Accelerated acquisition of magnetic resonance images

For:
Radiology departments, MRI vendors
Goal:
Improved Employee Efficiency
Problem addressed
Developing new approaches to MRI image formation aimed at reducing image
acquisition time while maintaining the diagnostic image quality.
Scope of use case
Innovations in MRI image formation
Description
The excellent soft tissue contrast and flexibility of magnetic
resonance imaging (MRI) makes it a very powerful
diagnostic tool for a wide range of disorders, including
neurological, musculoskeletal, and oncological diseases.
However, the long acquisition time in the MRI machine,
which can easily exceed 30 min, leads to low patient
throughput, problems with patient comfort and compliance,
artefacts from patient motion, and high exam costs.
Increasing imaging speed has been a major ongoing research
goal since the advent of the MRI. By combining both
hardware developments (such as improved magnetic field
gradients) and software advances (such as new pulse
sequences), it has been possible to significantly reduce the
image acquisition times.
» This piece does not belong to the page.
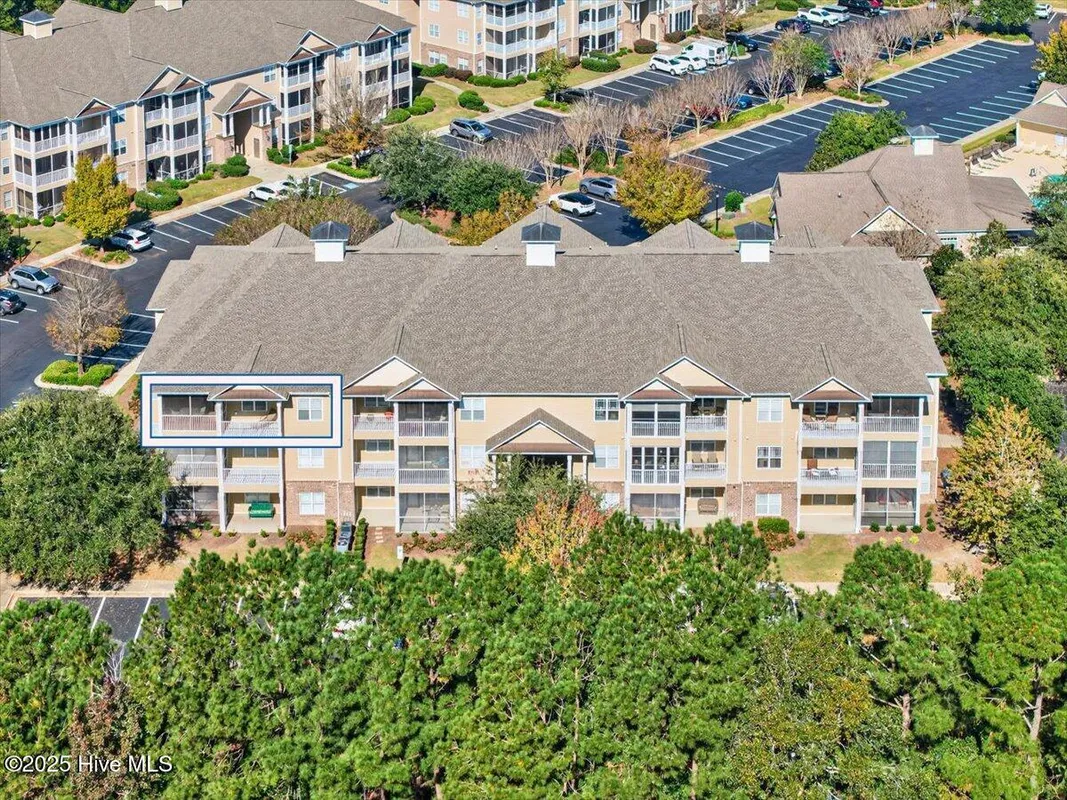 Property Slideshow image 1 of 65 | 221 woodlands way 23, Calabash, NC, 28467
One noteworthy development in
this context is parallel imaging, introduced in the 1990s,
which allows multiple data points to be sampled
simultaneously, rather than in a traditional sequential order
([238], [239]).
Compressed sensing ([240], [241]) techniques speed up the
MR acquisition by acquiring less measurement data than was
previously required to reconstruct diagnostic quality images.
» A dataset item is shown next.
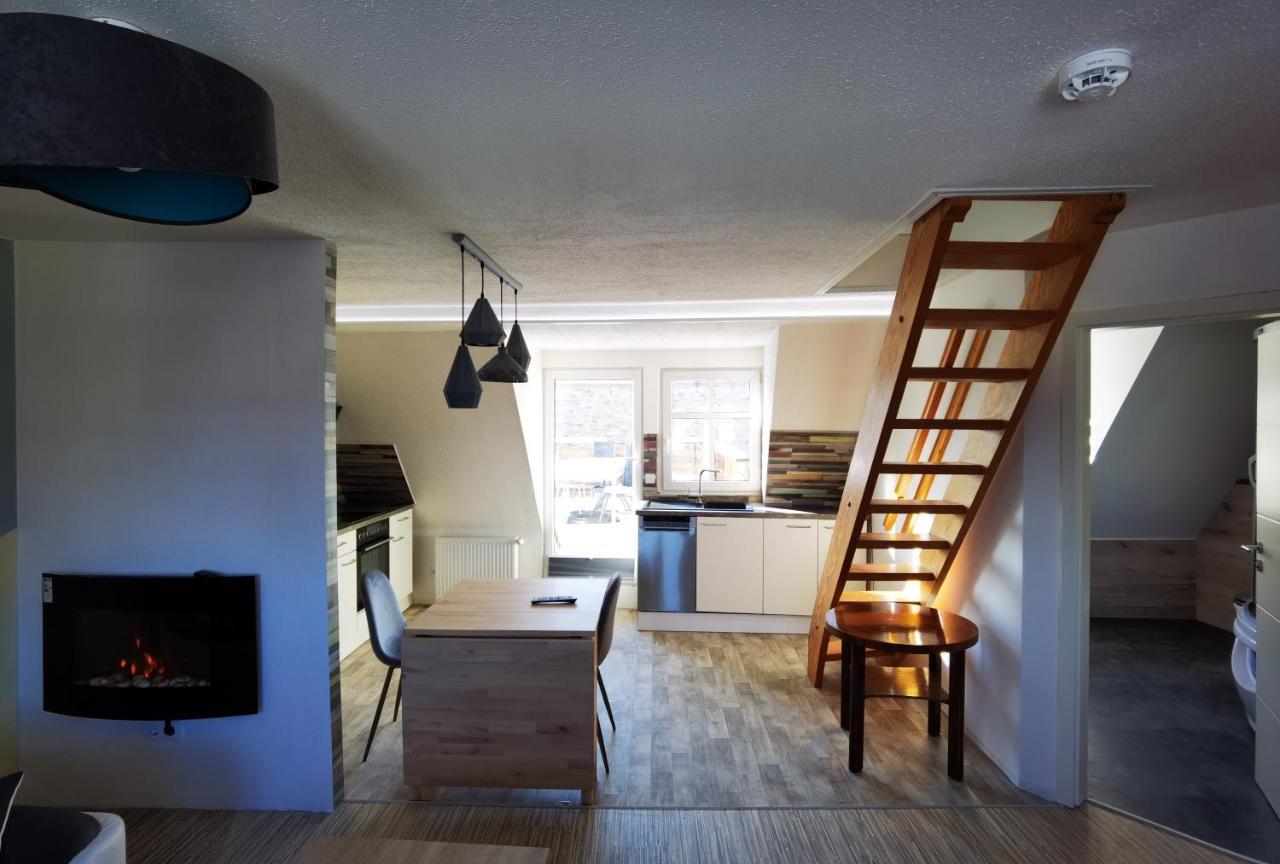 Gemuetliche Dachwohnung Mit Kleiner Oder Grosser Dachterrasse Nebeneinander Вольмирштедт Экстерьер фото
Artefacts that are introduced by the violation of the Nyquist-
Shannon sampling theorem can be eliminated in the course
of image reconstruction. This can be achieved by
incorporating additional a priori knowledge during the
image reconstruction process.
The last two years have seen the rapid development of
machine learning approaches for MR image reconstruction,
which hold great promise for further acceleration of MR
image acquisition ([242], [243], [244]). To speed up the
algorithm development, public datasets are being provided
to the research community. For example, the fastMRI
challenge [245] introduced standardized evaluation criteria
and freely-accessible datasets to help the community make
rapid advances in state-of-the-art MR image reconstruction.
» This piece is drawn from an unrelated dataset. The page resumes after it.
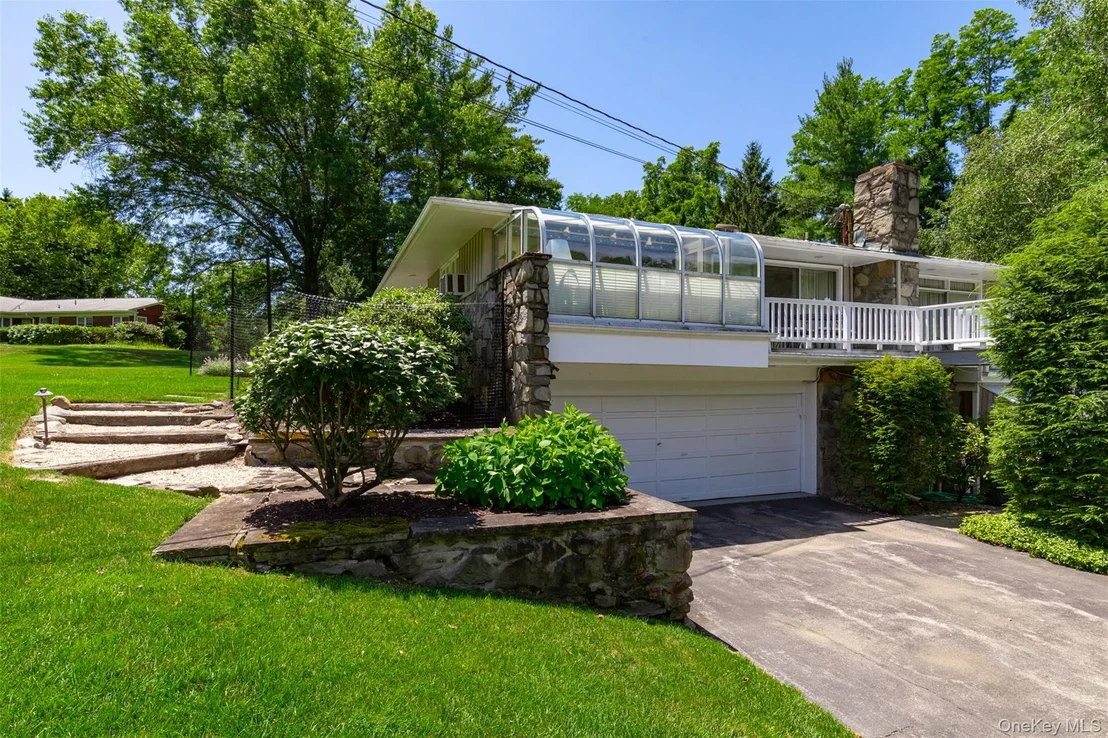 Photo of 42 Yates Boulevard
In machine learning-based approaches, the reconstruction
function is learned from the dataset of the input-output pairs
of samples drawn from a population. Such techniques also
leverage previous exam data to learn the spatial structure of
anatomy and typical image artefacts caused by under-
sampling. These attributes allow CNN-based methods to
reconstruct highly under-sampled data at higher fidelity
than CS schemes in certain cases [246].
The developed reconstruction algorithms may be deployed
either directly into the scanner console, or on the dedicated
reconstruction workstation or even on the cloud, depending
on the computational requirements.
The main challenge in clinical application of such deep
learning-based image formation algorithms is to guarantee
safety. For any device it is necessary to guarantee that the AI
system is not leading to diagnostic errors by removing or
introducing pathologies or other image features. It is also
necessary to guarantee image quality for all possible
combinations of MRI sequence parameters, anatomical
areas, and patient cohorts, or to be very conservative in
defining the limits of applicability.